Dans les six domaines il dit la même chose ; nous trouvâmes cela d’autant plus bizarre qu’il ne sacrifiait pas seulement les bêtes inférieures : il les voulait toutes faire vendre, bonnes et mauvaises.

Il ne se passa pas de semaine, cet hiver-là, qu’il ne nous faille circuler la moitié d’une nuit sur les routes et nous geler pendant des heures sur un foirail. On allait régulièrement aux foires de Bourbon, d’Ygrande, de Cérilly, de Lurcy, et bien souvent à celles de Souvigny, de Cosnes, de Cressanges et du Montet. C’était très fatigant, très ennuyeux et, à force de se répéter, cela occasionnait des dépenses considérables : car on ne pouvait revenir sans manger, et les aubergistes font payer cher leurs mauvaises ratatouilles. Et le travail des champs ne se faisait pas, pendant qu’on voyageait ainsi !

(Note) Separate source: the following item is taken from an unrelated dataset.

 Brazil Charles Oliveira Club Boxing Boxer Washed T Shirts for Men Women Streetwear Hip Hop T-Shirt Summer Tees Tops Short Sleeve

Quand le propriétaire revint en avril, tous les cheptels étaient changés et n’en valaient pas mieux. Seulement, nous étions endettés de plusieurs milliers de francs, car M. Sébert, quand il s’agissait d’acheter, ne taquinait guère :

— Voilà une bête convenable, disait-il, je veux l’avoir ; les bonnes bêtes ne sont jamais trop chères.

— Il est commode de se passer des fantaisies quand on roule sur l’argent des autres, disions-nous entre métayers.

Nous étions tous furieux après cet original qui nous ruinait…

À sa première visite, M. Lavallée me demanda :

— Eh bien, êtes-vous content de votre nouveau régisseur, Bertin ?

― Monsieur, il aime trop faire des affaires ; il ne fait que vendre et acheter : ça ne peut pas gagner.